Word was that the air in Manhattan had a sulfurous smell on Monday. If we are to believe Hugo Chavez, that must mean that President Bush was in the area. Best to ignore Hugo Chavez entirely, of course; still, that means there was a smell on the island on Monday. But that wasn’t the only unpleasant odor. Let’s do a quick aroma roundup.
- The smell in New York could have been a number of things – swamp gas from Jersey, sewage from somewhere. No one was harmed by it, so it will likely be forgotten. But you wonder if it’s a test run for something else. Hope that’s simply paranoia.
- The smell in Glendale, Arizona came from the Ohio State Buckeyes, who got their well-praised butts handed to them by a nasty bunch of Florida Gators on Monday night. There was no question that Florida was a better team on the field; I do wonder, however, how Florida would have done if they’d played OSU during the season. One of the problems with the bowl season is that many teams don’t play for a month or more between the end of the season and the game. Ohio State’s regular season ended in November, as is typical of all Big Ten schools, while the Gators played on into December. I’m not sure if that makes a difference, but I suspect it does. The Big Ten could mimic the other conferences by adding a 12th team, dividing into divisions and having a championship game. The question is, as it has been forever, is which team would you invite? As a matter of geography, you could suggest Iowa State, or perhaps Missouri, from the Big XII. Over the years another eastern school has also been suggested, such as Pittsburgh or Syracuse. Notre Dame won’t join the Big 10 because it wants to keep its football money. I’d like to humbly suggest Kansas, probably the best academic university in the Big XII and a school with a tremendous basketball tradition. No matter what, it’s time to make the offer to some school.

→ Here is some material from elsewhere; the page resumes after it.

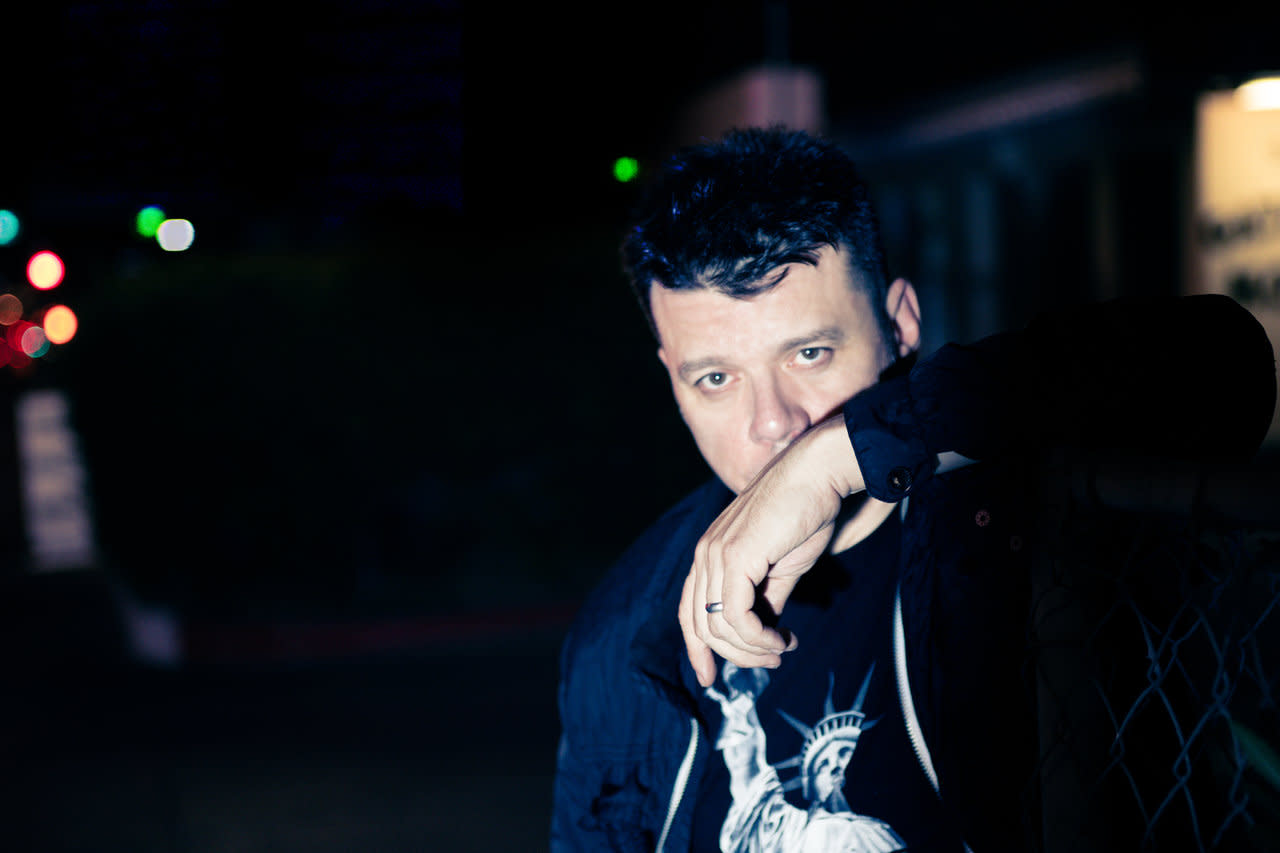 Scott Kirkland, The Crystal Method Photo by Graham John Bell Scott Kirkland, The Crystal Method Photo by Graham John Bell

- More undetermined smells emanate in the final AP poll results for college football. Because the top two Big 10 schools, Ohio State and Michigan, both flopped, there seems to be a consensus that the Big 10 is overrated. The SEC acolytes especially like to play this card. But remember that on New Year’s Day, the winners of the two Big Ten-SEC matchups were Penn State and my beloved Wisconsin Badgers, over SEC worthies Tennessee and Arkansas, respectively. The Badgers may be the only team I’ve ever heard of that went 12-1, won its bowl game and lost ground in the final poll, falling from 6 to 7 in the AP poll. Do you think the Badgers were punished for their Big 10 membership? I sure do.
- Another undetermined smell comes from the Baseball Writers of America. These press-box solons have decided that Mark McGwire does not belong in the Hall of Fame, despite career home run totals that rival the all-time greats. Big Mac is a big man and he must have used steroids, the reasoning goes. Here’s the question: even if McGwire did use steroids, how many of his home runs would have been routine fly balls had he not done so? No one knows, of course. McGwire was a great power hitter because he could time the baseball and bring his tremendous size and strength to bear on a baseball. Are the writers arguing that McGwire is really Ted Kluszewski or Frank Howard, or Greg Luzinski, sluggers of previous eras whose credentials fall short of Cooperstown? How can you know? In this case, the only thing we know is what we see; what I saw when I watched Mark McGwire was a tremendous, consistent power hitter who was one of the most feared batters of his generation. McGwire is certainly a more worthy candidate than Jim Rice, to use one example of a player receiving more votes. So how do you explain this? I’m genuinely curious to find out the rationale of these baseball writers – I’ll be watching these explanations closely.